Puesto que ya mi compañero A. Batalla se detuvo en estos meandros históricos (‘Alfafar, municipio con nombre andalusí entre la acequia y el marjal’, agosto de 2025), resumamos: la tercera etapa (XV al XVII) y la cuarta (XIX) contemplaron un municipio eminentemente agrícola, aunque la arribada del ferrocarril (de 1852 es la estación Alfafar-Benetússer) dinamizaría.
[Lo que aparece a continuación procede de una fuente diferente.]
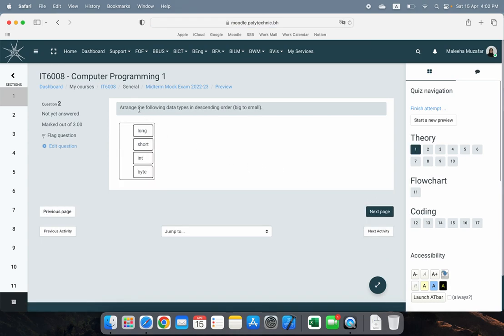The next question asks you to arrange the following data types in descending order, meaning from big to small. You have to arrange them from the biggest data type to the smallest. The biggest is long, then int, then short, then byte. So the smallest is byte, then short, int, long. If the question asked for ascending order, you would arrange them as byte, short, int, then long.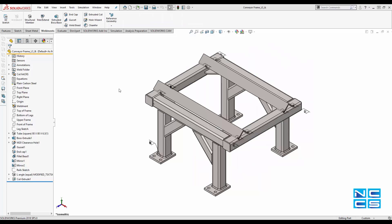Hello and welcome to another NCCS YouTube video. My name is Emmanuel and I'm an application engineer here at NCCS. In today's video I'll be showing you how to use the selection filter, a useful little feature within SolidWorks which allows you to filter the selected options within your part, preventing you from accidentally selecting an unwanted entity like a face instead of an edge or an edge instead of a corner.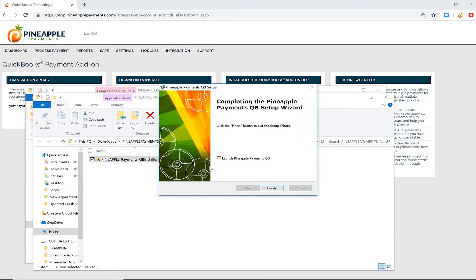Make sure the Launch Pineapple Payments QB box remains checked and click Finish.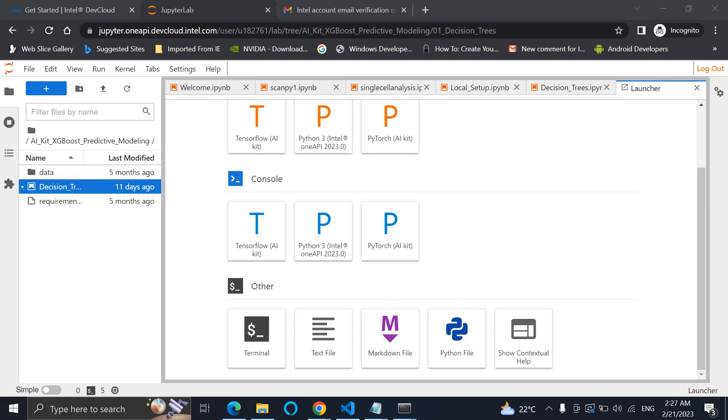Hello, in this video we'll see how to activate a particular environment for the oneAPI AI Analytics Toolkit. First, we need to open up this Jupyter Notebook window that we have opened.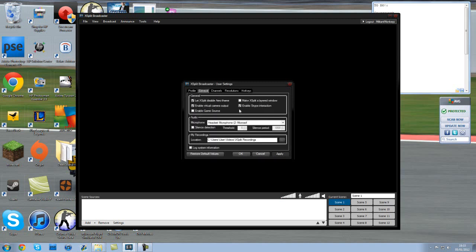Okay, now general. You want to make sure you've got let XSplit disable aero theme which, if you're using Windows 7, it will sort of tone it down to Windows 7 Basic, which I'm not sure if that's the 32 bit screen mode, but it'll automatically do that so you won't get any problems where it clashes with XSplit.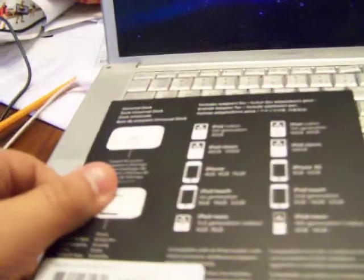It's a universal dock. It comes with a dock, a remote, and a little plastic piece dock.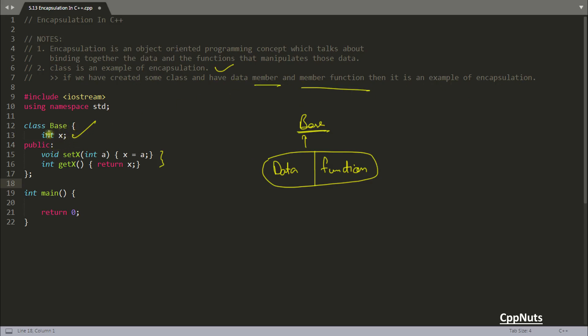Because sometime what happens you create the class but you don't have the functions for that. Everything you keep as public and you just access it from main or some outside function. Then in that case that's not the example of encapsulation. The encapsulation is your data and the functions should go together.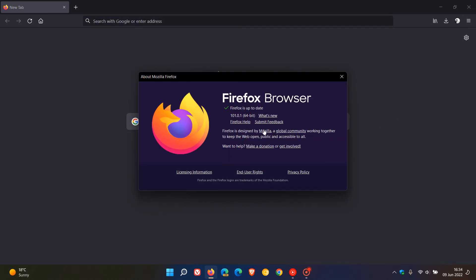The latest version and build now is 101.0.1. This is the first point release update to version 101, which is the latest stable release.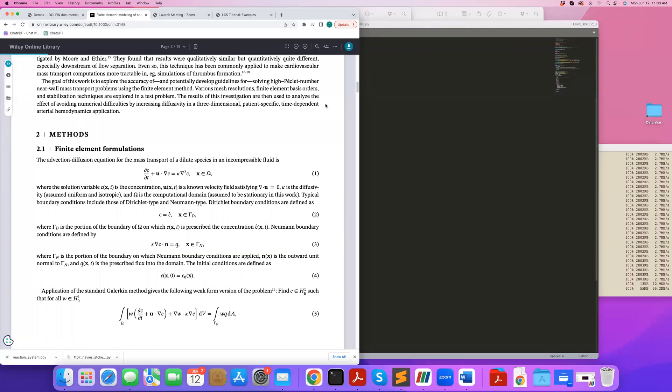Hi. In this tutorial, I will demonstrate how to solve an unsteady advection-diffusion mass transport problem.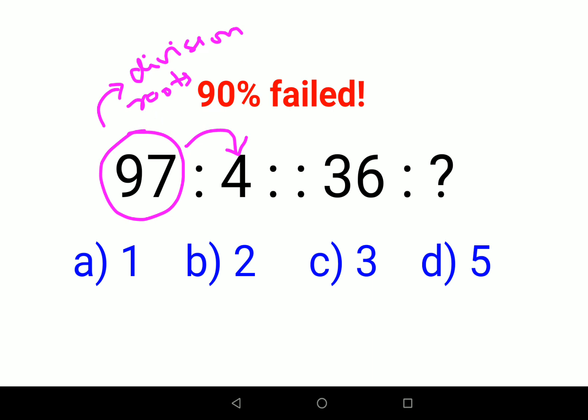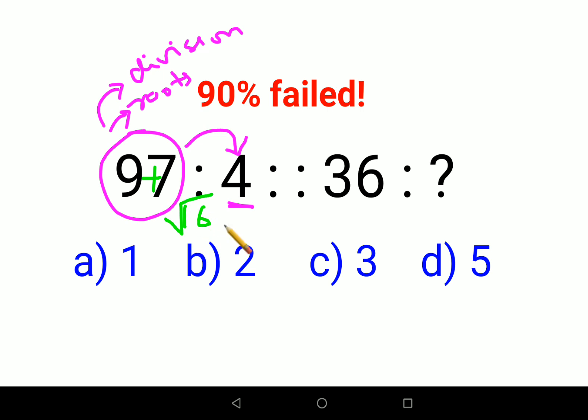Now if you look closely, division — 97 is an odd number, so dividing it with anything will never get you an answer of 4. So here, what we will do is focus on roots. Now if you look closely, when I add 9 plus 7, I get the answer as 16, whose root is 4.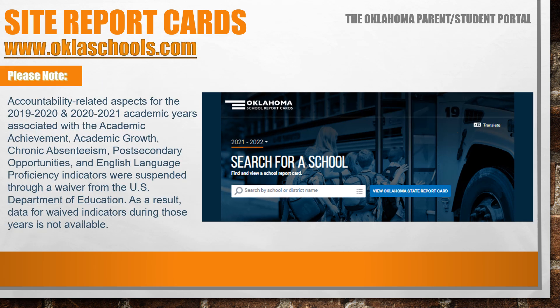Please note, accountability-related aspects for the 2019-2020 and 2020-2021 academic years associated with academic achievement, academic growth, chronic absenteeism, post-secondary opportunities, and English language proficiency indicators were suspended through a waiver from the United States Department of Education. As a result, data for waived indicators during those years is not available. During this presentation, we will be using data from previous school years to demonstrate the use of the Oklahoma Parent Student Portal. You may view previous years' data by changing the school year in the drop-down menu, an option available throughout the website.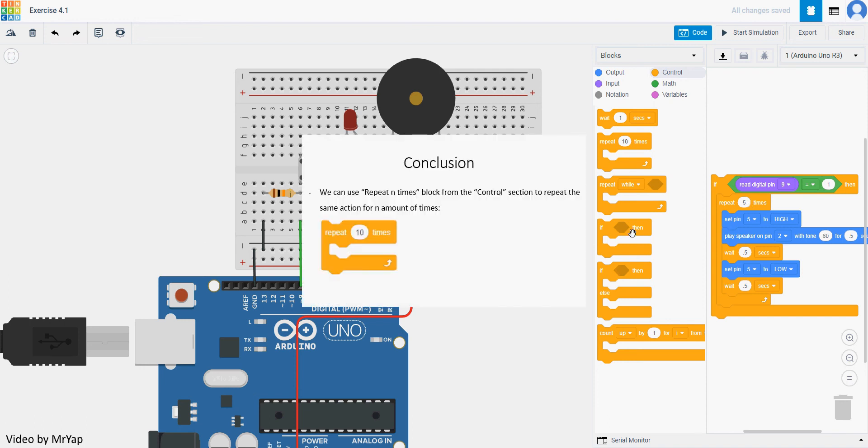So today's conclusion. We can use repeat n times block from the control section to repeat the action for n amount of time if you want. That's all for today. I'll see you in our next video. Thank you.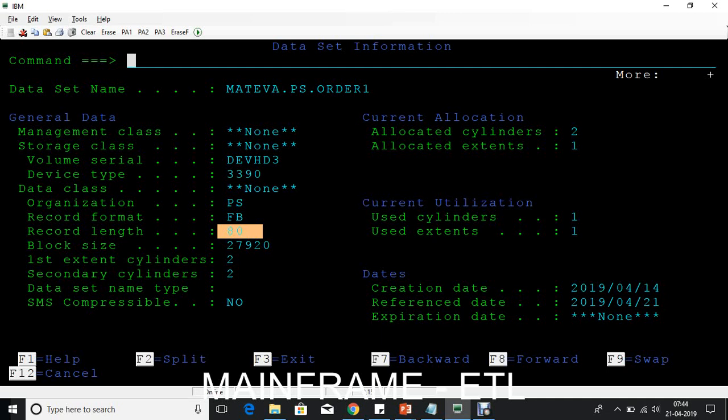This way we can identify the length of the input file that you are receiving from the mainframe system. Why is this useful? Sometimes when you have the data into your system and when you are not sure about what the length is, then how do you validate?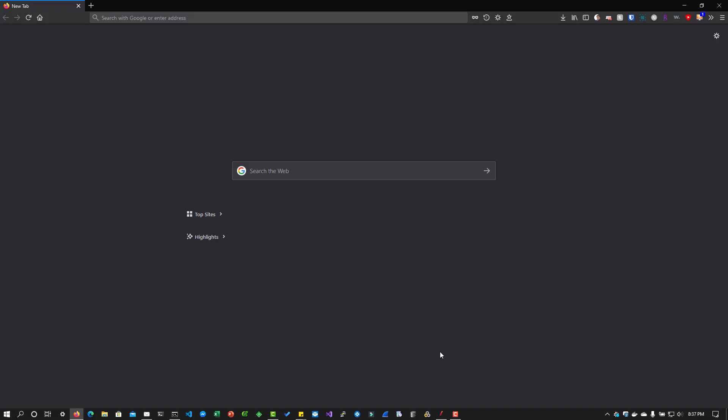Hi, welcome to Learn JMeter series. In this episode, we are going to learn about HTTP cache manager in JMeter.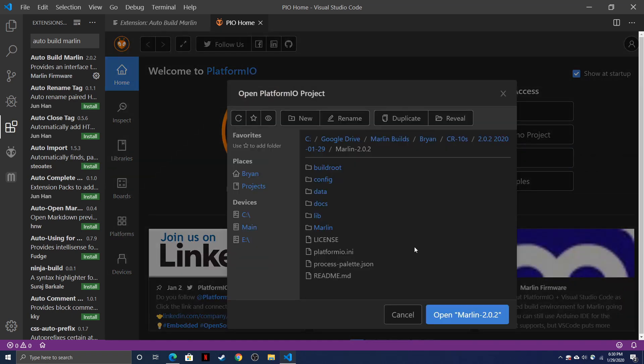Now before you open the folder, make sure that the folder contains the Platform.io.ini file. If you're not seeing this file, you're probably in the wrong directory. Once you see the Platform.io.ini, go ahead and click open.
Barrios y centros comerciales
También implementó mucho. A lo largo del siglo XX, la quinta etapa, se recoge, de la anterior centuria, un crecimiento urbano aún más compacto, pero también, dadas las mayores y mejores conexiones, con una expansión urbana que incluía entre los años cincuenta y los setenta barrios obreros, como el paradigmático Orba (de finales de los sesenta). O el de San Jorge, residencial que a principios del XX fue la zona industrial.
¿Y las grandes superficies? La primera aterrizó en 1973, Continente, integrada en 1976 en el grupo Carrefour, que aquí y en Sant Joan d’Alacant (en 1977) iniciaba su expansión por la orografía española. En Alfafar, según información municipal hoy superan el centenar las firmas en los polígonos comerciales que rodean a aquel. Y nos presenta la sexta etapa, la de una urbe pequeña pero atrayente incluso en lo comercial.